The PHE national real-time syndromic surveillance service detected large spikes in asthma and difficulty breathing-type indicators on 17 June 2021. Exceedances were particularly observed in southeastern regions of England, and in school-aged children and young adults. This was one of the largest and most significant short-term population-level health impacts detected by these syndromic systems in over 20 years of operation. On 17 June, asthma attendances in EDs participating in the PHE ED syndromic surveillance system increased by over 500%, with contacts for difficulty breathing/wheeze/asthma made to GP out of hours services increasing by over 300%. Completed online assessments made to the NHS 111 online digital health tool also increased by over 500%.

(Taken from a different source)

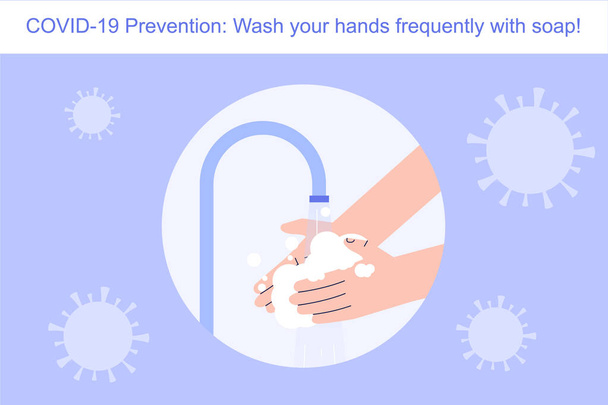 Coronavirus Covid-19 novel prevention concept. Washing hands with soap to protect himself from risk. Safety rule to preventing infection in crowd. Infographics vector illustration - Wektor, obraz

Increases were observed particularly in children aged 5–14 years and young adults 15–44. The ED and GP out of hours systems also detected increases in adults aged 45–64 years. The mean age of patients attending EDs during the 2016 Melbourne thunderstorm asthma episode was 32 years while the greatest impact on hospital admissions was seen in patients aged between 20–59 years [1]. Therefore, while our results for adults seem to support findings from Melbourne, our findings illustrating the impact on children requires further investigation. Age specific factors such as sensitivity to pollen and propensity to consult a healthcare professional may influence the findings for younger cohorts of the population.
One of the key strengths of PHE’s syndromic approach is the use of multiple national systems, which in this case allowed the triangulation of results to strengthen confidence in the observed findings. Of interest, consultations to the PHE GP ‘in hours’ surveillance system did not show similar impact [11]. In the UK, for patients to access ‘routine’ GP services they are required to book an appointment. These services are also not typically available at weekends thereby resulting in increased weekend activity of other services such as NHS 111 and GP out of hours (Figure 1). Therefore, the sudden acute nature of this event suggests that patients were more likely to access unscheduled healthcare services in order that they could be seen immediately. It also points to the severe nature of symptoms, suggesting that patients affected needed to seek health advice urgently.

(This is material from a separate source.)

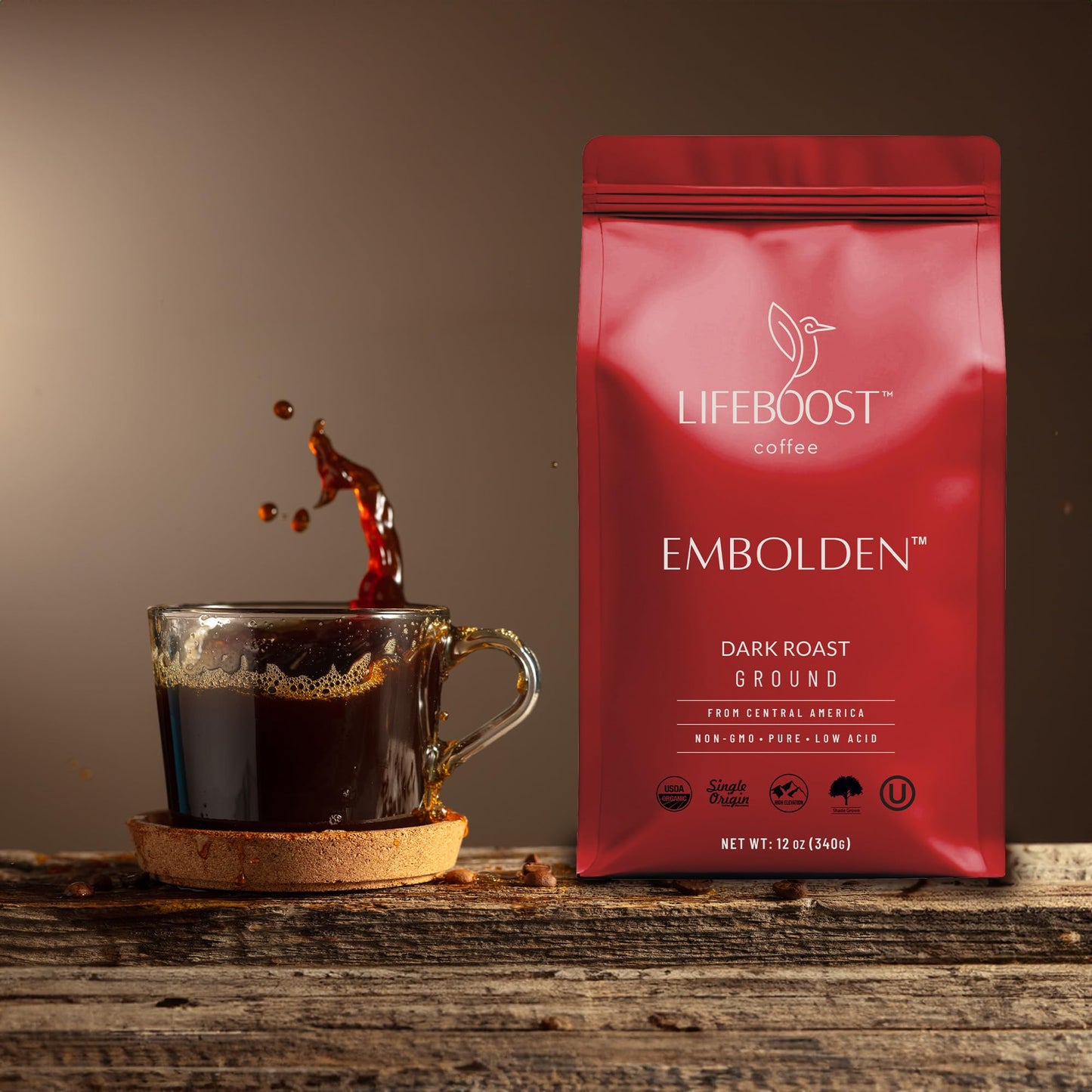 Lifeboost Dark Roast Ground Coffee - Non-GMO Low Acid Single Origin USDA Organic Dark Roast Coffee - Third Party Tested For Mycotoxins & Pesticides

A limitation of syndromic surveillance is the ‘non-specific’ nature of monitoring syndromic indicators based on chief complaints, symptoms, or provisional diagnoses data. It is often difficult to attribute causes to unexpected (i.e., non-seasonal) increases in indicators. However, it is often the experience and expertise of those teams coordinating the systems to utilise other sources of intelligence to generate hypotheses to explain underlying aetiologies driving the observed increases. In this event, during the week preceding the spike in syndromic indicators the UK Met Office had released yellow national weather warnings for thunderstorm activity in parts of England, focusing mainly on flooding impacts. Viewed alongside the standard risk assessment of the syndromic data, these weather warnings prompted an initial hypothesis that the exceedances in asthma and difficulty breathing indicators were likely to be linked to thunderstorm activity.

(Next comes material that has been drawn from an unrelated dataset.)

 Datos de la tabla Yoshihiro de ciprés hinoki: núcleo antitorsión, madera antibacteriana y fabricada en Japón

A retrospective analysis of available meteorological conditions showed possible clues that weather conditions may have contributed to the event in some way, however it is not overly clear how, nor can they be attributed to immediate thunderstorm activity since they occurred overnight and not during the day. Weak outflow (gust fronts) was possible during the overnight thunderstorms, which may have concentrated any aeroallergens/aerosols into local pockets and close to the surface by the morning (the latter due to a stable boundary layer in the first few hundred metres of atmosphere above the surface). Other potential meteorological and environmental factors such as temperature inversions and levels of air pollution might also have contributed to the event, however relevant data were not available for inclusion in this report (but warrant further investigation).
At the time of this episode, grass pollen forecasts were very high, confirmed by national pollen forecasts and related syndromic surveillance indicators monitoring the health impact of pollen (e.g., GP consultations for allergic rhinitis and NHS 111 calls for eye problems), which were at seasonal peaks of activity [11]. Therefore, our provisional conclusions about the factors underlying the 17 June asthma episode are that thunderstorms and/or lightning activity contributed to (but were not specifically the primary variables) driving the increase in asthma and difficulty breathing presentations. It is likely that high grass pollen levels with a combination of other meteorological conditions was responsible. All other recorded episodes of thunderstorm asthma in the UK have occurred during June/July, which can be defined as the grass pollen season, and therefore this latest episode further supports the importance of grass pollen in driving these spikes in asthma [2,3,12,13,14,15,16,17,18]. This episode therefore should stimulate further discussion and research about the terminology of ‘thunderstorm asthma’ and whether these episodes should be labelled more generally as ‘storm asthma’ or ‘severe weather asthma’. Furthermore, it might be necessary to refocus research of thunderstorm asthma episodes in England, widening the scope of research to outside that of weather events consisting of thunder and lightning storms only, and to investigate the association of past thunderstorm asthma events to other meteorological factors that are linked to the thunderstorms in question, e.g., humidity, convergent cross winds/gust fronts.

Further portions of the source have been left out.